しかしそれとは対照的にアレスは真剣な表情で思考を巡らせていた。
(そう。こんな王都のど真ん中で逃げてもすぐに王国軍に捕まるなんてことは軍の人間であれば分かってるはず。ただの悪足搔きか?何か目的があるとすれば……)
『アレス君!』
「まさか……シフォンさん!!リューランさんは今どこにいるか分かりますか!?」
ヘルメスの名前を聞いた時、アレスの脳裏によぎったのはあの歌姫のこと。
「ええ!?う、歌姫リューラン様ですか!?そんなことを急に申されましても……」
「アレス様、リューランさんがどうかしたのですか?」
「何もないかもしれない……でも、なんだか、凄く嫌な予感がして……」
「でしたら……確証はありませんが、コンサート会場近くの貴族御用達の宿泊施設が並ぶ迎賓街かと……」
「なるほど。すみません!俺、今からリューさんに会いに行ってきます!!」
「あ、アレス様!?」
ヘルメスが逃走したと聞いただけであって、リューランのみを案じる必要性はどこにもない。

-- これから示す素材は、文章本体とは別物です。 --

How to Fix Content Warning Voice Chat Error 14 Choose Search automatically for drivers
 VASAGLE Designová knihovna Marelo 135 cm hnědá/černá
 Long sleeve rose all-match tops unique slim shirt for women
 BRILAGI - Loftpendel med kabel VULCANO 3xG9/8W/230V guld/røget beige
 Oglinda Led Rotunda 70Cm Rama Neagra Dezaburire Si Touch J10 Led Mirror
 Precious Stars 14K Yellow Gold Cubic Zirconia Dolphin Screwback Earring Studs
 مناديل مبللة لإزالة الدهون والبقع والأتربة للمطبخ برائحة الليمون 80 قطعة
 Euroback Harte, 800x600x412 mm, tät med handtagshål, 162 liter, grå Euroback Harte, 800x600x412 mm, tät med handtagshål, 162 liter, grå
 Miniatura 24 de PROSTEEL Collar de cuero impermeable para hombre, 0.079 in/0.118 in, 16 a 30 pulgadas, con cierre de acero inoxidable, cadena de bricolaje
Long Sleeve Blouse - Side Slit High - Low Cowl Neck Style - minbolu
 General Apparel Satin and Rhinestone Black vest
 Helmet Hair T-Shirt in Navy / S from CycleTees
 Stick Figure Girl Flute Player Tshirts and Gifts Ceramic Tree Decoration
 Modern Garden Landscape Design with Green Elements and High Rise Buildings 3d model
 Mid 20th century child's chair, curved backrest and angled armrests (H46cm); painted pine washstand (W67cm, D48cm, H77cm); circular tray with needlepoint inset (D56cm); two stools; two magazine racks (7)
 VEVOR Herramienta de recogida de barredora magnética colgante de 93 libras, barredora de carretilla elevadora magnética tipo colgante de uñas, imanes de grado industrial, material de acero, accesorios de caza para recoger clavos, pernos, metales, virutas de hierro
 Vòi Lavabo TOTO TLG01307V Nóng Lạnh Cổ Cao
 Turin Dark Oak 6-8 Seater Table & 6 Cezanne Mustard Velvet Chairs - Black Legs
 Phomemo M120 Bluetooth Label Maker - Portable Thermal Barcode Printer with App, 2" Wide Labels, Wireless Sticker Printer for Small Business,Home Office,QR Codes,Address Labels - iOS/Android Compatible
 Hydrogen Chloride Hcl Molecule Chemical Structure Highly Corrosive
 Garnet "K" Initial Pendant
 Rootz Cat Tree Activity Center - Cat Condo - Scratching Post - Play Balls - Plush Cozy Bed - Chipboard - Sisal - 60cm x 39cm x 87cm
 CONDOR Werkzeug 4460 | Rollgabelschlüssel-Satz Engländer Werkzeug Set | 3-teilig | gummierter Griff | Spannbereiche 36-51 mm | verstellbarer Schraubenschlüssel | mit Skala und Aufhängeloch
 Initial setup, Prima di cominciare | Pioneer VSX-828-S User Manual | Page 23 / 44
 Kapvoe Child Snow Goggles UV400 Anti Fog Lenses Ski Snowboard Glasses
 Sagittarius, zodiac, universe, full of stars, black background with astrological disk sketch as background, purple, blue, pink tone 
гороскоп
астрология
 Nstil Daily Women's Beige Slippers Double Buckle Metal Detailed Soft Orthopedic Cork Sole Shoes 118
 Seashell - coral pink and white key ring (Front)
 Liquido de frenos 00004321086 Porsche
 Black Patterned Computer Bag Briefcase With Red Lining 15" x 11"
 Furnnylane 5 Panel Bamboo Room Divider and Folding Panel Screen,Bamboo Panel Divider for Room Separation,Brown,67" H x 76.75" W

だがアレスは己の勘を信じて、リューランがいる可能性が高い迎賓街を目指したのだ。
「はぁ……はぁ……くそッ!!俺はもう終わりだ!」
一方その頃、時を同じくして王都の薄暗い裏路地を走る1人の男がいた。
彼はヘルメス。
王国軍に任意同行を求められ、誤魔化しはできないと考えた彼は逃走を決意していたのだ。
(俺は間違っていない!!間違っているのは軍の権利を独占し、我ら軍括の言うことを聞かなかった奴らの方だ!それなのに……それなのに!)
ヘルメスはもう悟っていた、自分が王国軍に捕まるのは時間の問題だと。
だがその前に彼のプライドが、自分を否定したこの国への復讐へと彼を駆り立てていた。
「奴を徴集できていれば戦争でどれだけ優位になっていたか、この俺を認めなかった報いを受けさせてやる……」
全力でとある場所を目指していたヘルメスが懐から取り出したのは一見何の変哲もない鉄の容器。
装飾のなく味気ない銀色の小物入れに見えるそれは、かすかだが邪悪な気配を孕んでいる。
破滅を悟ったヘルメスは、すべてを道連れにしようと夜の闇を駆けて行ったのだ。